I pulled back, my hand still on his jaw, trying to tell him everything I could before I wouldn’t have a chance. His eyes were wet and glossy, trying to tell me the same thing. We stared at each other like that until the bus pulled to a stop in front of the familiar entrance of the Las Palabras office.
We were here.
The month was over.
Everything was over.
We got off the bus and got our bags, and everyone went through the long process of officially saying goodbye to each other. Some people, like Dave and Polly and Becca, had time to kill and headed off to the bar for lunch. Others did a quick nod and hurried off to their loved ones who had come to pick us up. A few, like me and Mateo and Claudia and Ricardo, lingered around the bus. Only, they were more or less already home. Ricardo would go to Claudia’s apartment, Mateo would go to his house. I didn’t quite know where that was, but I knew who would be waiting for him.
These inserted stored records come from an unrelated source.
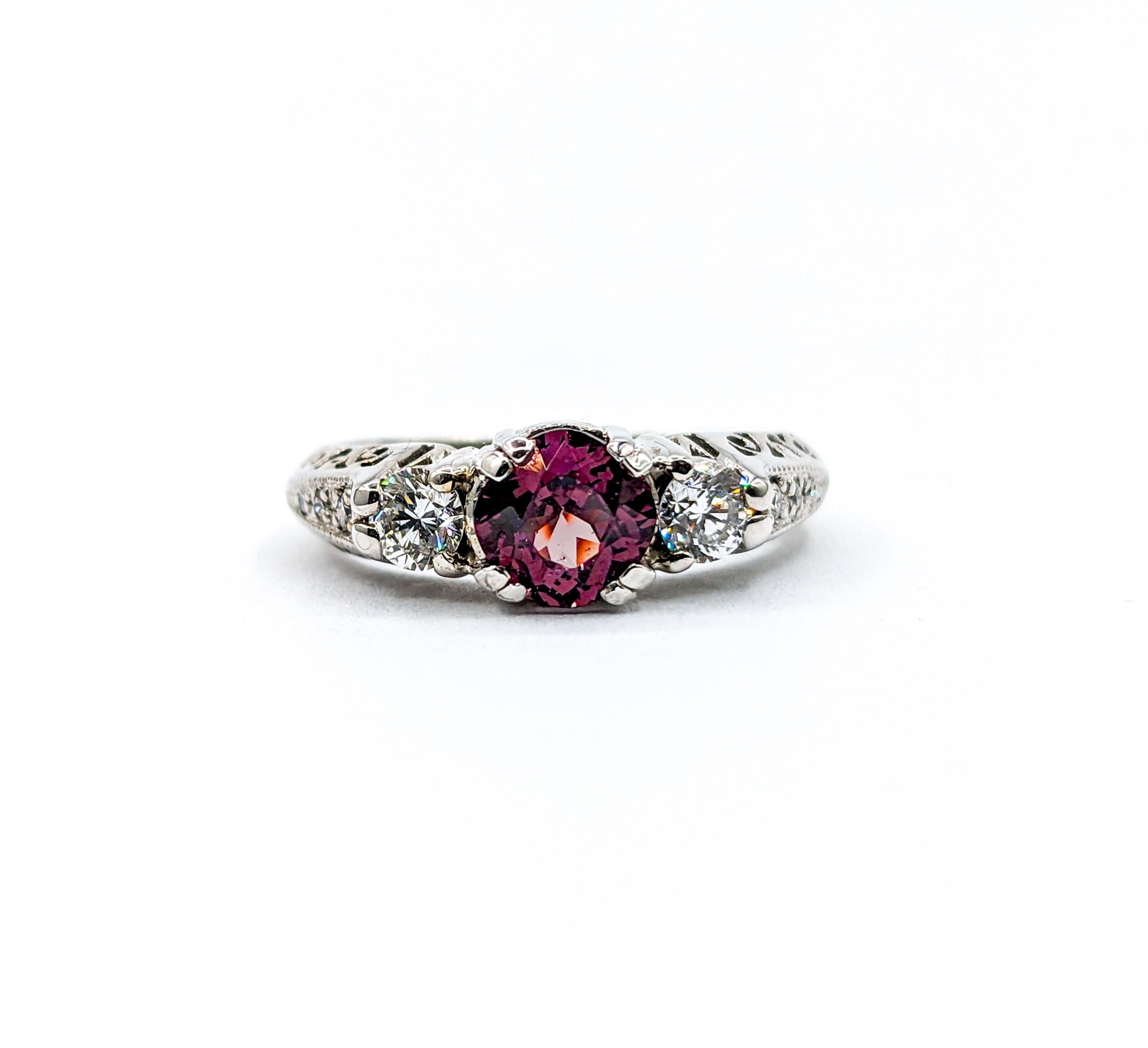 Color Change Garnet & Diamond Filigree Ring For Sale 7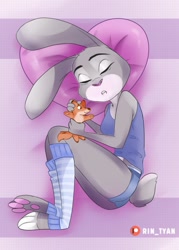 Size: 917x1280 | Tagged: safe, artist:rin tyan, judy hopps (zootopia), lagomorph, mammal, rabbit, anthro, digitigrade anthro, disney, zootopia, 2019, bed, bottomwear, breasts, buckteeth, clothes, digital art, ears, eyelashes, eyes closed, female, fur, lying down, lying on bed, on bed, open mouth, pillow, pink nose, plushie, shirt, short tail, shorts, sleeping, solo, solo female, tail, teeth, thighs, topwear, toy, wide hips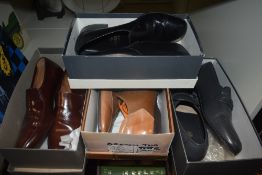 Four pairs of vintage K Shoes/Clarks gents leather shoes size ranging in sizes from 7.5 - 8.5.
And I was going home. I kind of wanted to die.
“When is your flight?” Claudia asked gently.
I talked through the pain. “In about two hours or so. Which means I guess I better get a cab, pronto.”
Mateo walked to the roadside and did that two-fingered whistle that nearly blew out your eardrums. When he walked back to me, he said, “Speaking of Spanish, I guess I never did teach you all the bad words.”
“Puta cona, vete a la mierda, punta, tonta, bastardo, pendajo, chinga tu madre,” Ricardo gleefully rattled off.
“Ricardo!” Claudia admonished him, smacking him on the chest.
I somehow managed to laugh, but it sounded like a hollow mask, a temporary band-aid. Then the cab pulled up to the curb and Mateo quickly gestured to the driver to wait a minute.
And there you had it.
This was it. This was the end.
Holy fuck.
I wasn’t ready to say goodbye.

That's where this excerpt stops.